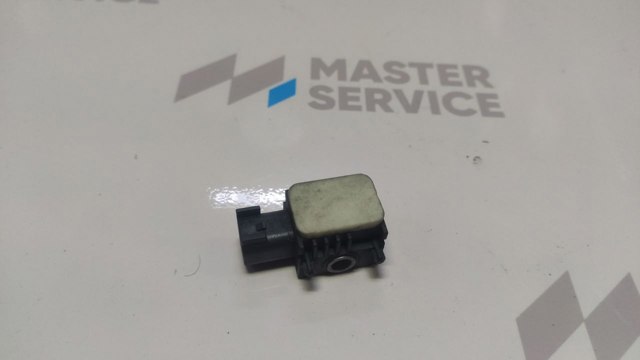 Датчик Айрбег передний YDB500410 LAND ROVER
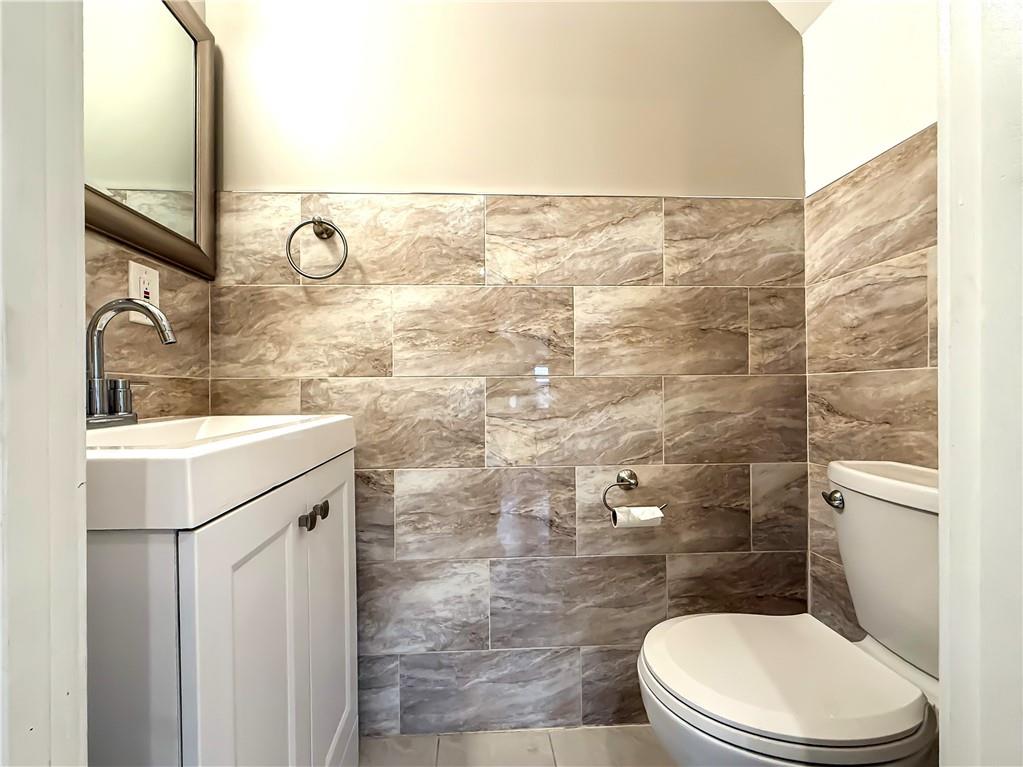 3216 Avenue J Midwood Brooklyn NY 11210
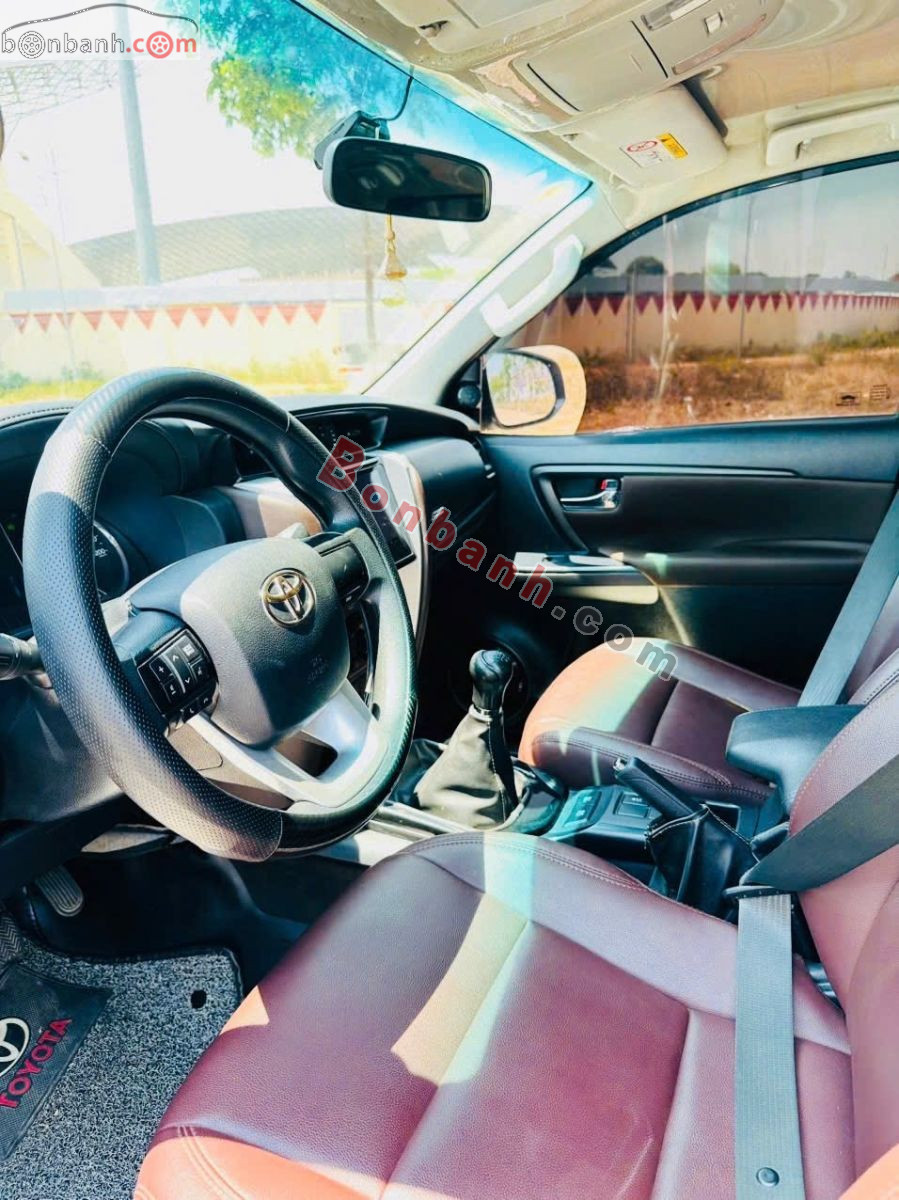 Bán ô tô Toyota Fortuner 2.4G 4x2 MT - 2020 - xe cũ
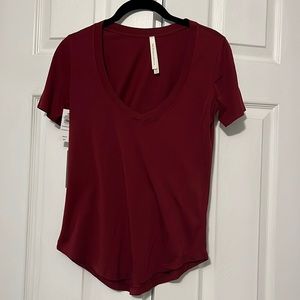 Babaton Foundation V-Neck T-Shirt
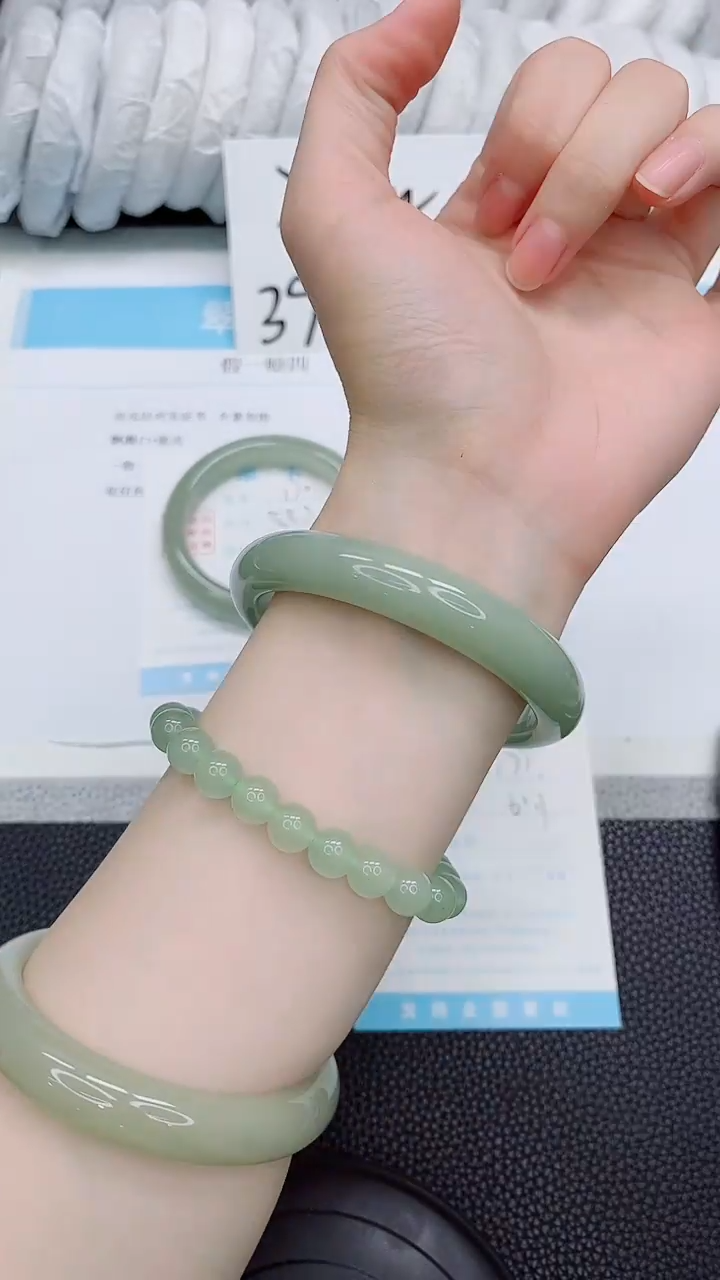 未镶嵌手镯石英质玉171-61.1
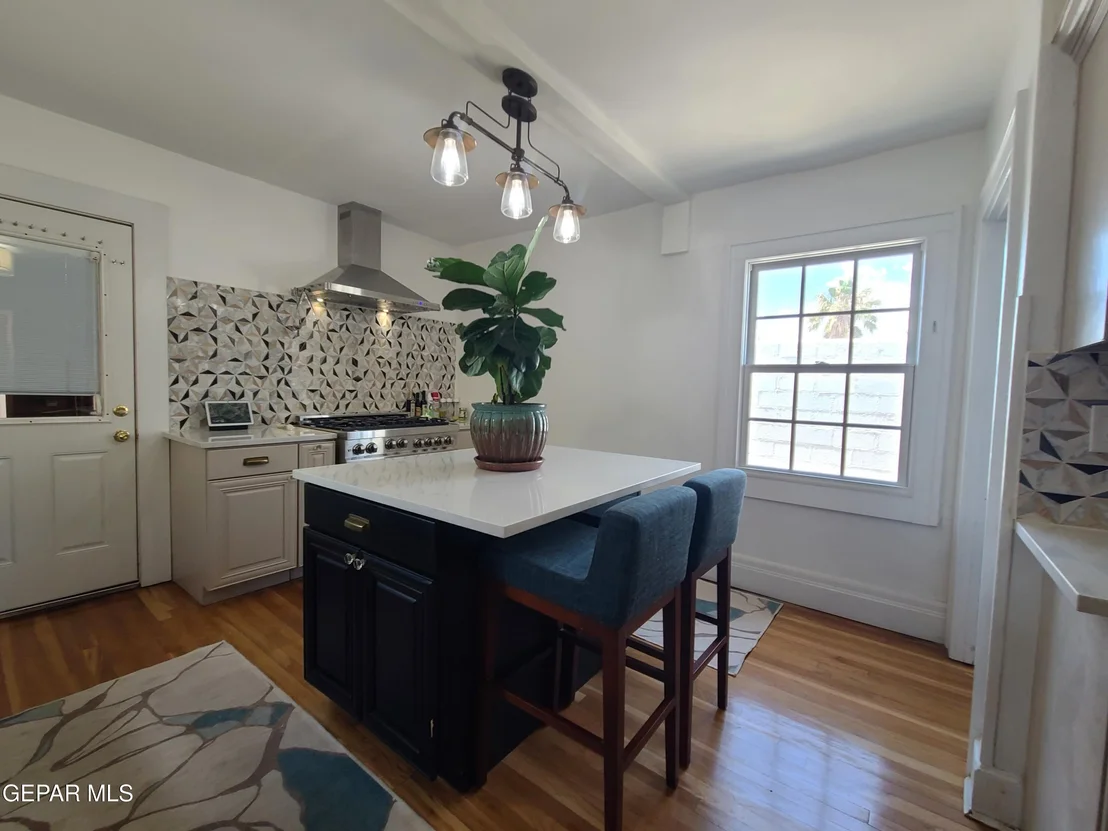 Photo of 602 CINCINNATI Avenue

**TASK GOAL:**
Your task is an exact transcription of all the data, minus the pictures.

**YOUR RESPONSE:**
 Датчик Айрбег передний YDB500410 LAND ROVER
 3216 Avenue J Midwood Brooklyn NY 11210
 Bán ô tô Toyota Fortuner 2.4G 4x2 MT - 2020 - xe cũ
 Babaton Foundation V-Neck T-Shirt
 未镶嵌手镯石英质玉171-61.1
 Photo of 602 CINCINNATI Avenue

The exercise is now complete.